Both had been lost to the world for over a century and a half, and the subject of much time and money spent in trying to find them.
Michael Palin’s book is primarily concerned with HMS Erebus, but the two ships seem to be linked in both their origins, as bomb ships for the Royal Navy, and as war vessels that were eventually converted into exploration ships. They were partners in voyages of exploration to both Antarctica and the Arctic, and both perished in 1846 in what would become the Canadian North, so there’s a lot about both of them in this book.
Erebus was 13 years younger than her partner ship, having been built in 1826. Christened with the name of the darkest region of Hades, the Greek underworld, she was nevertheless put to the more peaceful purpose of advancing the scientific study of magnetism around the world, but especially in the southern polar regions, while also charting and naming many features of the continent.

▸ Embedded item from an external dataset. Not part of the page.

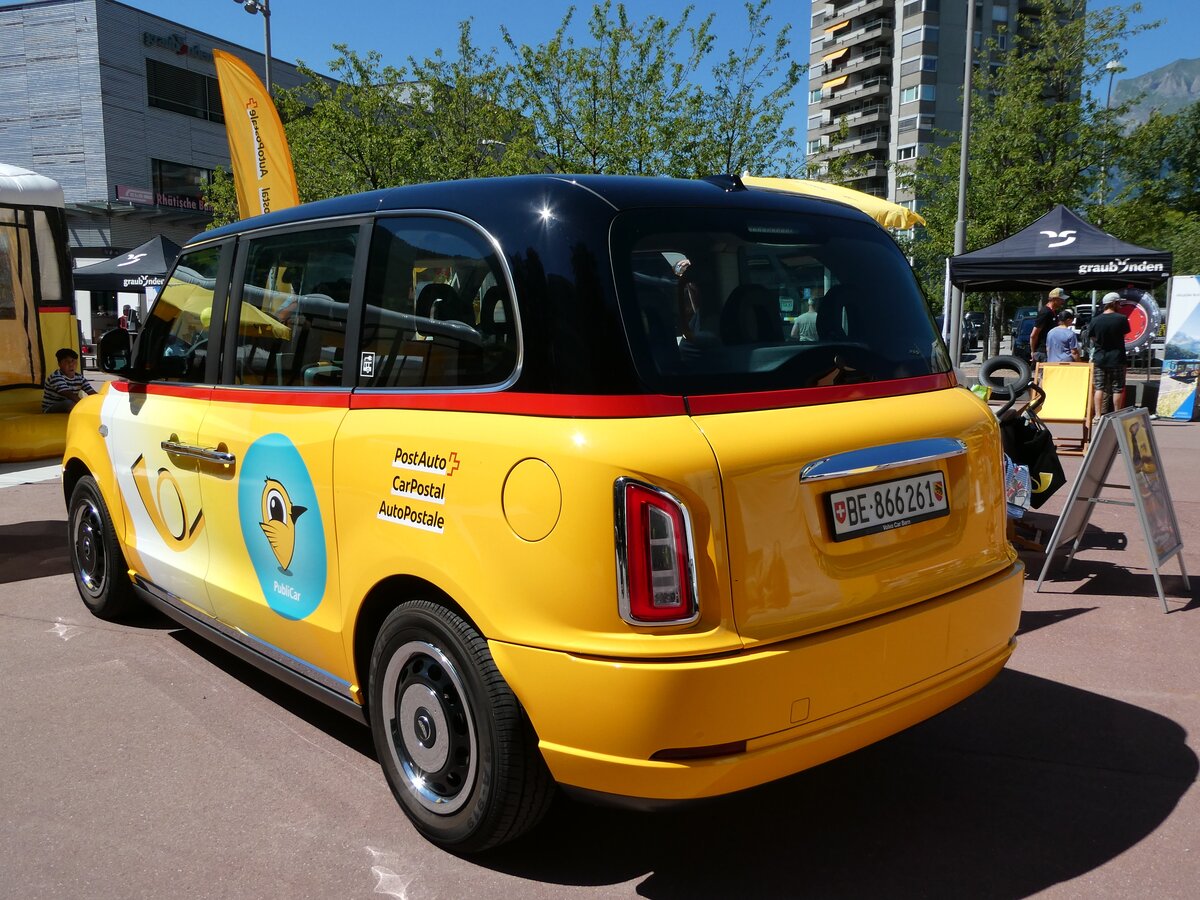 (237'163) - PostAuto Bern - BE 866'261 - LEVC-London-Taxi am 12. Juni 2022 beim Bahnhof Landquart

Palin, who is certainly best known as a member of the Monty Python comedy troop, has had a second career as a travel writer, which has taken him around the world a number of times and, coincidentally, to many of the places he needed to be familiar with in order to write this book, which comes across as part history and part memoir. There are lots of little asides comparing the places Erebus and Terror put into land with how Palin found them during his visits.
We get a good picture of life aboard the ships on their travels. Of course there is more to be said about the Antarctic expedition, as the officers on that trip survived to write popular books about it, while their final voyage to the north must be largely conjecture assembled from the kind of kitchen midden leavings that are the joy of archeologists, but tend to lack the human touch.
Palin makes up for that by delving into the lives of the central players, the captains of the two ships, as well as some of the officers who carried out the scientific studies which were so much a part of their voyages.
Erebus was delightful. Palin has an absorbing narrative style and relates the facts of the matter without being stuffy. There are lots of maps and black and white images scattered through its pages, as well as 16 pages of colour material in two inserts.
I was surprised by this book, which came to me as a Christmas gift from my son. I had to wait for cataract operations before I could read it, but it was the first non-fiction book I waded into when I could see words on paper again.